By Breeana Greenberg, Special to the Independent
The Laguna Beach Unified School District’s Board of Education recently discussed sending a letter reminding district employees that district policy bars them from communicating with individual board members.
At its May 27 meeting, the Board voted to table the conversation until July.
Approved in 2012, the bylaw recognizes the Board as a “unit of authority over the district and that a Board member has no individual authority.” This prevents any individual member from commanding work or information from any school employee. The bylaw explains that Board members should instead submit requests for information to the Superintendent.
The Board also discussed amending the bylaw to add a definition of what it means for a board member to “command” staff. The amendment would also add that board member’s positions “should not interfere with their ability to engaged [sic] in their child’s education, volunteer, or assume similar duties available to other parents, Board members have a unique privilege and responsibility as elected officials and should try to avoid any misunderstanding about their individual authority.”
The discussion came after Member Dee Perry contacted staff on behalf of the Woman’s Club of Laguna Beach.
“There was an incident in April,” Perry explained that she was asked by the Club to “explore possibilities of doing more to serve our English Learners.” Perry contacted a district employee who works with English Learner students. The staffer suggested that STEM camp or activities would be useful.
The Director of College and Career Advantage informed Perry about a free robotics, engineering and manufacturing boot camp that the CCA offered. Perry said a district employee discussed the possible liability of an outside group providing transportation for students to the camp. Perry never received information about solving transportation issues and was met with a memo citing the bylaw regarding board member-employee communications, she said.
“I believe being a Board member does not strip me of my constitutional right to communicate with school district employees,” Perry said. “Board members have a right to conduct independent fact finding that includes contacting district staff.”
Perry also asked administrators if employees must contact their supervisor about any questions asked by a board member.
“You may go in and say ‘I’m here as this, I’m not here as a board member,’ but you’re always perceived as a board member,” board member Jan Vickers said during the meeting. “So I think as long as we remember that, then I think it may help how we address situations.”
Amid public criticism for poor transparency, the Board voted to postpone discussion on authorizing staff to make minor revisions to Board policies and bylaws until July.
“Seems that we’re in a period of time where there are continuing comments about board members not conforming to the Brown Act, not conforming to proper meeting protocols,” Vickers said. “And I think that the timeliness of this, that we have a portion of our community who feels that we are not behaving properly, that this is not the time to bring this forward, even though it makes sense.”
In other business, the Board discussed resuming in-person meetings as the state plans to fully reopen the economy on June 15.

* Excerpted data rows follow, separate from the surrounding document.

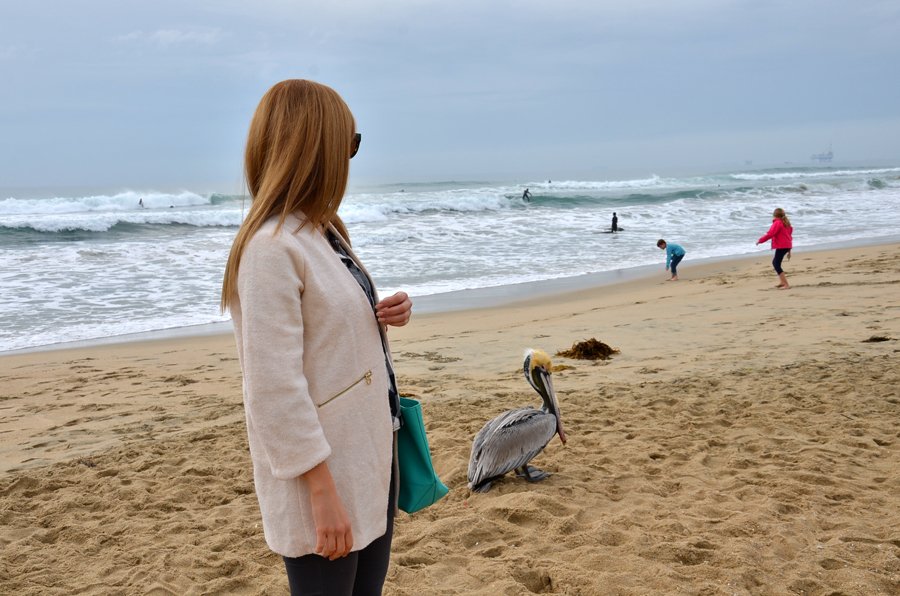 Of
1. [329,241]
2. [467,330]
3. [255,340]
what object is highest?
[329,241]

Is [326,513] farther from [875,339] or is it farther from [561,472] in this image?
[875,339]

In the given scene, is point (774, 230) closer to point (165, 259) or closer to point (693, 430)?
point (693, 430)

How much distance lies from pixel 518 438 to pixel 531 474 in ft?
A: 0.92

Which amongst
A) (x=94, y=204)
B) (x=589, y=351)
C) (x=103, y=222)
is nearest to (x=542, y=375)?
(x=589, y=351)

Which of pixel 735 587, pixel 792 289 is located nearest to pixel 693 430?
pixel 735 587

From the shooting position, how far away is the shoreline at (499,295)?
9984 mm

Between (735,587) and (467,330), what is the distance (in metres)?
6.96

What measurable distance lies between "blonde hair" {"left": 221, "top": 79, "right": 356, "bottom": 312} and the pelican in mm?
2905

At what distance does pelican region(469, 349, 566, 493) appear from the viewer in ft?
14.4

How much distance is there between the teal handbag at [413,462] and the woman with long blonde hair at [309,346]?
116mm

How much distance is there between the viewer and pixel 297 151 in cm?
166

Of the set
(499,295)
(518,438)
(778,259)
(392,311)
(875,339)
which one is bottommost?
(499,295)

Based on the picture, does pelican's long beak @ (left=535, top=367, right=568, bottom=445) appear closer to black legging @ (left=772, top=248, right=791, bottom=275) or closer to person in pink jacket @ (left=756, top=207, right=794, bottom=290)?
black legging @ (left=772, top=248, right=791, bottom=275)

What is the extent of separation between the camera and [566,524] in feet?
12.8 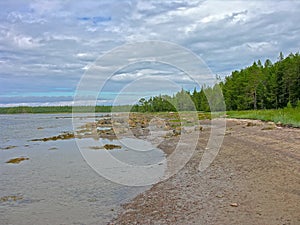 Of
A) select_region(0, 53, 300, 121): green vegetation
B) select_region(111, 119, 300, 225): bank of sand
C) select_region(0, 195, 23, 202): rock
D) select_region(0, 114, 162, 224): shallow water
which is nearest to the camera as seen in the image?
select_region(111, 119, 300, 225): bank of sand

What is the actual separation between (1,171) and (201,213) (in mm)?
12164

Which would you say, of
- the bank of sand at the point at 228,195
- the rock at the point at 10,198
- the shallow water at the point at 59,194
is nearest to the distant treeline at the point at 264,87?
the bank of sand at the point at 228,195

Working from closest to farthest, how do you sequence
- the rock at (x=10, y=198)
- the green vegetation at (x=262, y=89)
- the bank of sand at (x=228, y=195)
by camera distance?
the bank of sand at (x=228, y=195)
the rock at (x=10, y=198)
the green vegetation at (x=262, y=89)

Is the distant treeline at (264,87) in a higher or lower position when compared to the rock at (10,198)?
higher

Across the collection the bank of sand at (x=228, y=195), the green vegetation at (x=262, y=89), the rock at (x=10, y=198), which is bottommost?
the rock at (x=10, y=198)

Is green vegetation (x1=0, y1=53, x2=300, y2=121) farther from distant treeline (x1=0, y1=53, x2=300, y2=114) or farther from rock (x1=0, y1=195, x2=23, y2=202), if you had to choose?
rock (x1=0, y1=195, x2=23, y2=202)

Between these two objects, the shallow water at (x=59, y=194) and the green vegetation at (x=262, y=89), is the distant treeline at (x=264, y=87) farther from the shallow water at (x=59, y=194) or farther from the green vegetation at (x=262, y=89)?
the shallow water at (x=59, y=194)

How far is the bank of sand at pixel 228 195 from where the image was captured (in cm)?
709

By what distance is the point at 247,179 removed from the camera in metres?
10.3

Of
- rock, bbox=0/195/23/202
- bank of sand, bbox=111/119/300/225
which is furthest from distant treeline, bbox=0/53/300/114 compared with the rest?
rock, bbox=0/195/23/202

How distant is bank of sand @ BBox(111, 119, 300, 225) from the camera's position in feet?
23.3

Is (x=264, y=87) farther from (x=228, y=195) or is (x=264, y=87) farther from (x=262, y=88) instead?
(x=228, y=195)

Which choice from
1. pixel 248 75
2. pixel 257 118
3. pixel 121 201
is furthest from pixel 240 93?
pixel 121 201

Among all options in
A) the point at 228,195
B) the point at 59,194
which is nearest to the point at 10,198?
the point at 59,194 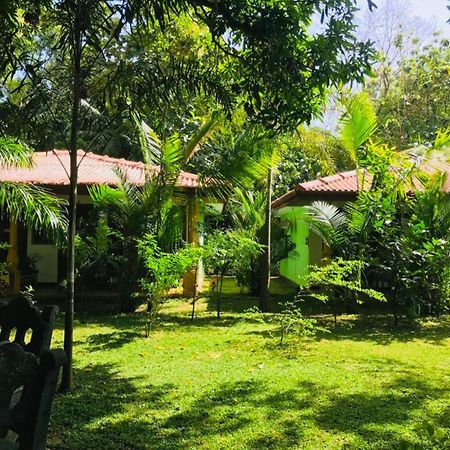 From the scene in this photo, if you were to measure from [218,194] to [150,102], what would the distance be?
4.75m

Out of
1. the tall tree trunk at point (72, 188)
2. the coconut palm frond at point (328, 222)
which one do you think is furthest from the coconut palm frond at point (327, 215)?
the tall tree trunk at point (72, 188)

“I think it’s extremely important for the board to resume in person meetings, and perhaps consider a combination of a Zoom call in, as I think you are getting a lot more participation with Zoom calls,” Laguna Beach parent Sheri Morgan said. “However, these are supposed to be public meetings, and one of the benefits of a public meeting is to be able to see who else is in attendance, and who else is supporting your thoughts and ideas.”
“I do think it’s time to show that you’re not afraid anymore, and that the science is clear, it’s OK to be outside of your house and be around other people, do your job, like all other essential workers have been doing for the past year,” resident Anne Morreale said.
Still under the guidance of maintaining six-feet distance, the Board looked at alternative locations for its future meetings that would have more room to do so. One alternative was Thurston Middle School’s library.
The Board previously approved buying new audio-visual equipment for its meeting room. However, COVID-19 prompted the Board to delay the purchase. Using Thurston’s existing equipment, outfitting the library for board meetings would be about half this cost, staffers said.
Board members concluded that they’d like to be back in-person in July, once new equipment can be installed at Thurston. Live streaming and hybrid access to meetings will also continue to be offered.
The Board also discussed ending the emergency authority granted to the superintendent signed in March 2020.
“Traditionally, these types of resolutions are for, you know, major gas leaks that are happening on the school site, you know, those sorts of things where, you know, immediate action has to be taken or to, to address those,” Supt. Jason Viloria said. “So, this is the first time that we’ve had a situation where it’s a pandemic and that we’ve had this type of order.”
The Board plans to vote at the upcoming June 8 meeting for the emergency authority to dissolve on June 15.